# Pymi Trip



## Karl Wolf (Apr 26, 2020)

Finally got out today. Trolled around 12-18' deep for musky. Marked a ton of eyes/catfish holding that depth.
Buddy with me got a 30" musky trolling.

Casted some bucktails in 10'.

Water a little choppy today and a little muddy.
Storm coming in tonight and everyone is rolling out. Ima fish the next few days as long as there's not lightening.
























































Gotta get out while ya can.


----------



## InlandKid (Aug 29, 2006)

I'll be out tomorrow afternoon till Thursday, mainly target eyes but heard musky success has been good this month so may try for them some.


----------



## Karl Wolf (Apr 26, 2020)

InlandKid said:


> I'll be out tomorrow afternoon till Thursday, mainly target eyes but heard musky success has been good this month so may try for them some.


Geat drifting chop today for eyes. I just want a musky.


----------



## InlandKid (Aug 29, 2006)

Check pm


----------



## esox72 (Jul 25, 2005)

Troll shallower for Muskie. Caught them a shallow as 3 fow but I’m usually in 5-6.


Sent from my iPhone using Tapatalk


----------



## Karl Wolf (Apr 26, 2020)

esox72 said:


> Troll shallower for Muskie. Caught them a shallow as 3 fow but I’m usually in 5-6.
> 
> 
> Sent from my iPhone using Tapatalk


Buddy got his shallow but on a hump. Much of the shallow is really muddy today,have to stay away from shore so much.


----------



## Karl Wolf (Apr 26, 2020)




----------



## Karl Wolf (Apr 26, 2020)

Dang I gotta learn to upload pics better


----------



## Karl Wolf (Apr 26, 2020)

Well the rain is holding off. Just me and a seagull here now. Time to get out on my boat and try to get my musky.


----------



## Karl Wolf (Apr 26, 2020)




----------



## Karl Wolf (Apr 26, 2020)

So far today I had 2 follows casting bucktails up into the weeds earlier. Got tired, switched to trolling and caught this resivour eye.

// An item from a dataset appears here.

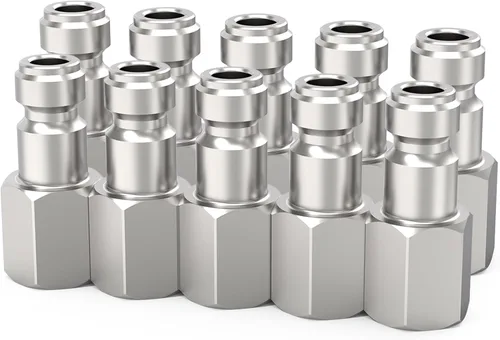 Miniatura 9 de ChillWaves Enchufe de aire estilo T automotriz, enchufes neumáticos macho NPT de 1/2 pulgada, accesorios para compresores de aire (paquete de 5)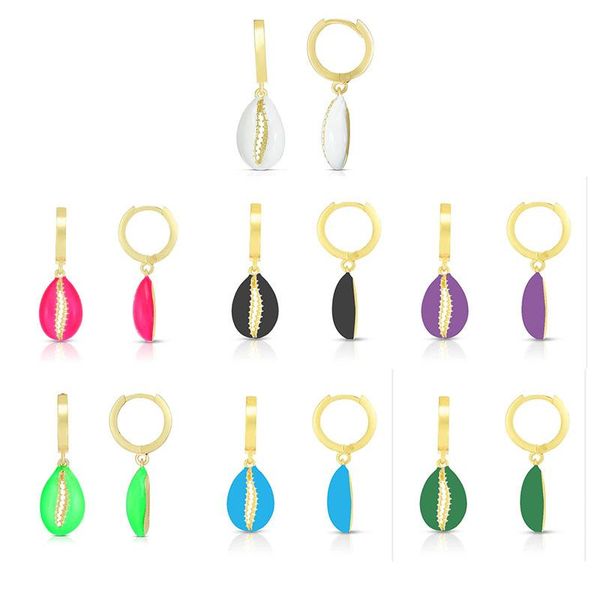 

hoop & huggie aide 925 silver summer beach cute shell ear rings for women girls colorful enamel pendientes plata earrings unusual, Golden;silver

You know you're in Ohio when you're trolling for musky and catch one of these.


----------



## Karl Wolf (Apr 26, 2020)

Having a break and back out at it! Got to put in that musky time.


----------



## Karl Wolf (Apr 26, 2020)

Well, I fished hard today. Started with casting around some weeds out by an island. Did several drifts pass, casting bucktails, jerkbaits and even a little topwater.
Had two follows off a bucktail and I needed a break from casting. Trolled for suspending musky, caught a catfish on tuff shad... casted around some weeds a little south, nothing.

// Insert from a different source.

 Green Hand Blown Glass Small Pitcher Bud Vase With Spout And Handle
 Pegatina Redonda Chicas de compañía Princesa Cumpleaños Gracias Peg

Trolled LARGE shallow jointed baits in 8-14 water back up north, spent last two hours zigzagging that drop off range.

Fished hard today but no musky in the net. Saw so much catfish/walleye activity out there I thought about trolling some flickers but I gotta get a musky before I can fish for anything else while I'm home.


----------



## Karl Wolf (Apr 26, 2020)

Oh, water was mostly stained,most lake 3-4ft visibility. Light chop and water felt cool to touch as for temp,lol.

Did really see so many baitfish balls with eyes and cats hovering under them. They were in the 18-14' depth.


----------



## Karl Wolf (Apr 26, 2020)

Guy next to me is catching decent perch from shore, see others targeting perch out here also.


----------



## ranger487 (Apr 5, 2005)

Love your pics I spent many years from the age of 3 at pammy with my dad and grandpa Camping and these pictures bring back great memories


----------



## Karl Wolf (Apr 26, 2020)

Morning report.

Didn't happen. Drank whiskey and smoked with the campers next to me.

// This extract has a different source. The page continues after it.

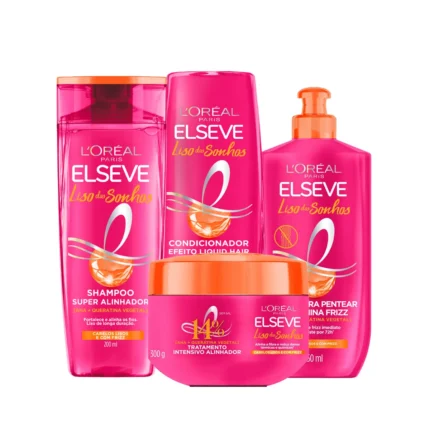 Kit L'Oréal Paris Elseve Liso dos Sonhos Shampoo 200ml + Condicionador 200ml + Creme de Tratamento 300g + Creme de Pentear 250ml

Whiskey doesn't agree with early morning fishing. Well, neither do I actually.
Lake looks great and I might troll some flickers on the medium trolling rods and give musky a break for the first half of the day.
Doing a little power lunch and getting back out there.
Pymi is so big and it takes a long time to explore with a 9.9. Learning the drops and weedbeds of this Ohio state park campground section though.


----------



## InlandKid (Aug 29, 2006)

Its little rough out here this morning, white caps some. So far only 1 perch one 24" channel cat.


----------



## InlandKid (Aug 29, 2006)




----------



## Karl Wolf (Apr 26, 2020)

Yeah some of these waves are tough and would sink a little boat. About the max I'd take my boat on.

Its calm out here by the island, trying to get one of those musky I brought up yesterday


----------



## matticito (Jul 17, 2012)

Someone landed a musky on a kayak right north of ohio bridge. Few thousand feet north. Dont know what structure is like there or maybe was just cruising. Just close enough to hear him yell to other yak that he was fighting a musky and the buddy netted it.


----------



## matticito (Jul 17, 2012)

I'll probably load the car to cast the causeway tonight. I've got the itch!


----------



## Karl Wolf (Apr 26, 2020)

Out here casting weeds near the island straight out from the state campground. Most of the is rough, decent visibility in most spots.


----------



## Karl Wolf (Apr 26, 2020)

Really rough out here today. Hooked 1 musky for about 30 seconds while trolling.

Marking a ton of bait and predator fish below 14'-18'. Have found some nice drops near weeds I've marked for jigging.

Weeds have been a problem trolling from all the waves


----------



## Karl Wolf (Apr 26, 2020)

Guys next to me have just about enough smaller perch saved for dinner tonight caught from shore.

All I have to show for 2.5 days off musky fishing is 2 follows and 1 hookup. Lol


----------



## forrest r (Mar 14, 2020)

Had the kayak out & fished in front of the pa bridge on the south side 50yds from the bridge.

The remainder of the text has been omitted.